Dutch agree to halt controversial fishing


DUTCH pulse fishermen have agreed not to operate around sensitive areas of the English coast in a voluntary but landmark deal with local inshore fishermen.
Both sides say the move is without prejudice to any future evidence based policies which may be adopted by the authorities, or further voluntary agreements.
Pulse fishing is a technique being developed by the Dutch, where trawlers use nets that generate an electric current. Fish – particularly sole – are stunned, which forces them to float upwards, making them easier to catch.
It is not without controversy and the European parliament voted yesterday to ban it, although legislation is not guaranteed.
Campaigners, such as the French conservation group Bloom, have been leading the move to have it stopped.  Critics say it kills fish and marine life other than sole and is like putting a Taser into the water.
Speaking about the deal with Dutch fishermen, NFFO (National Federation of Fishermen’s Organisations) chief executive Barrie Deas said: ‘It seemed worthwhile to see if a voluntary agreement could be reached quickly, with the people most affected in the room, to ensure that the closed areas are in the right place and at the right time.
‘The Dutch fishermen have responded positively so we have taken a small step forward.

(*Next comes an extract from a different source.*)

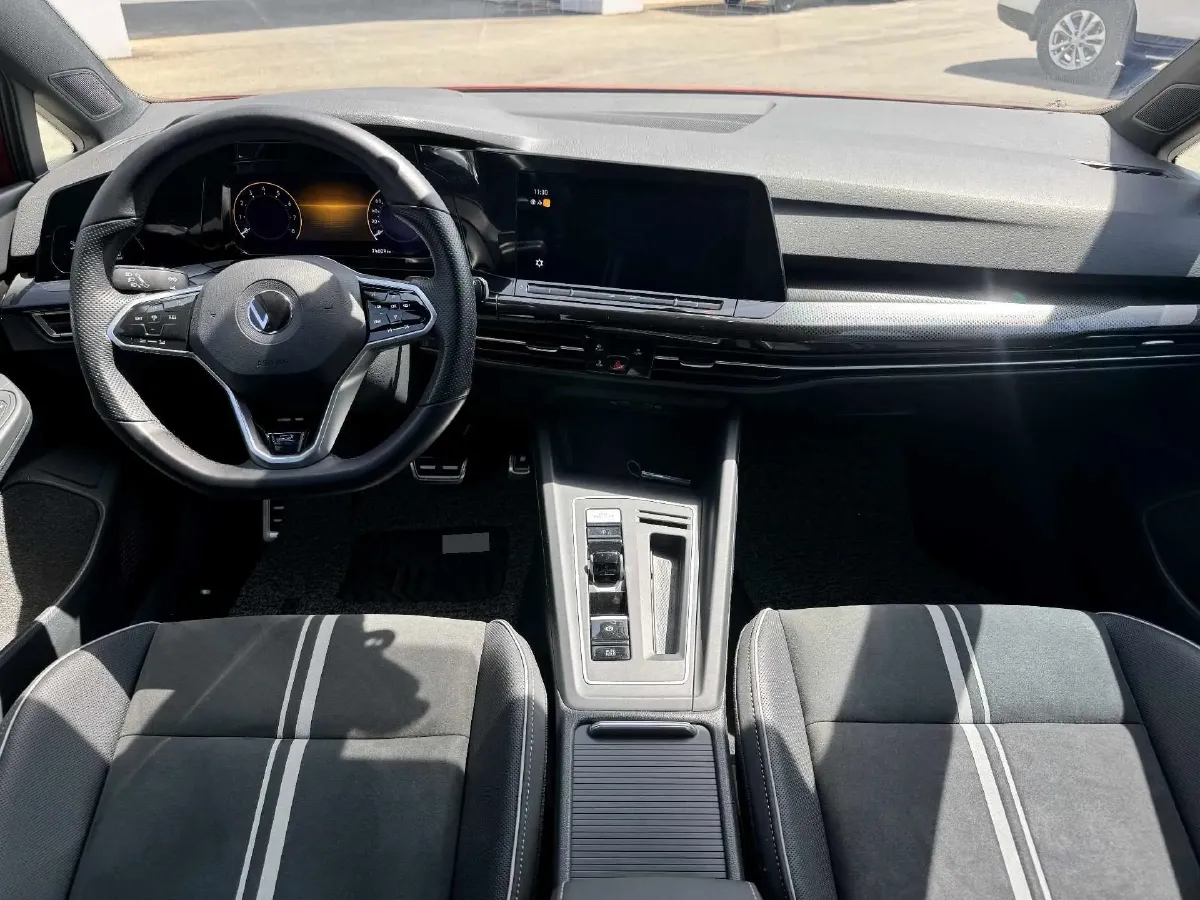 2021 Volkswagen Golf 1.4T 150HP L4 7DCT,autocango,china used car exporter,china ev exporter,chinese used car exporter,chinese used ev exporter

I think that it is important not to oversell this agreement.
‘I hope that will help a bit but it is without prejudice to any government policies that might be adopted in the future on the basis of scientific advice.’
Pim Visser, CEO of the Dutch Organisation VisNed, said: ‘We recognise that pulse fishing is new and controversial and has led to changes in the spatial distribution and intensity of fishing in some areas.

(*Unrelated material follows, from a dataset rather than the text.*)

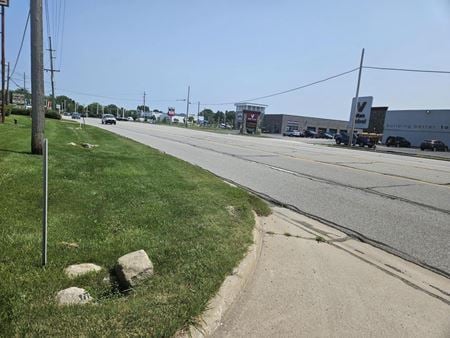 Photo of commercial space at 326 US-20 E in Michigan City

‘An enormous amount of scientific work has been undertaken and is being undertaken to measure the effects of pulse fishing.

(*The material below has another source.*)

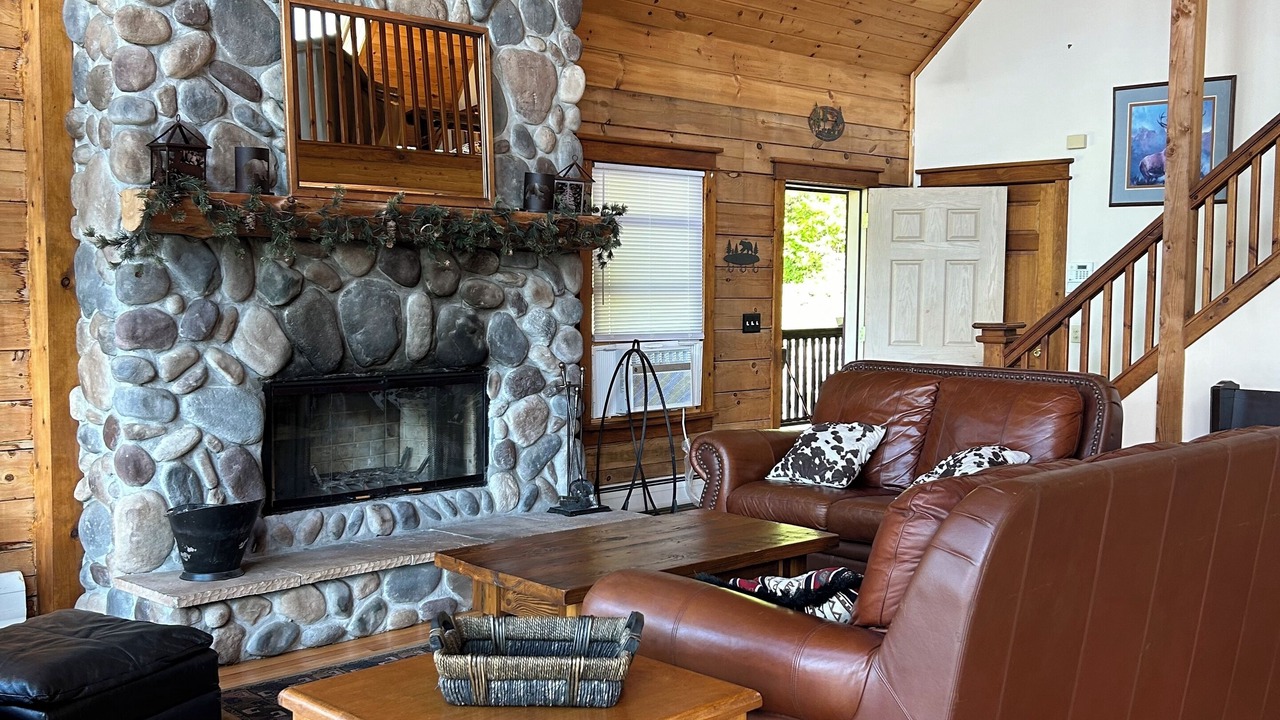 Photo of Livingroom in Lake George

‘We also acknowledge the concerns of fishermen on the English side, although in my own view much of what has been said is wildly alarmist.
‘Whilst these scientific studies are being undertaken, and as a goodwill gesture, we met with the inshore fishermen from Ramsgate, the Thames Estuary, Orford and Lowestoft, in London.
‘It was a very constructive meeting and the English fishermen put forward a number of concrete proposals. The result is we are prepared to accept the closed areas suggested by the fishermen.’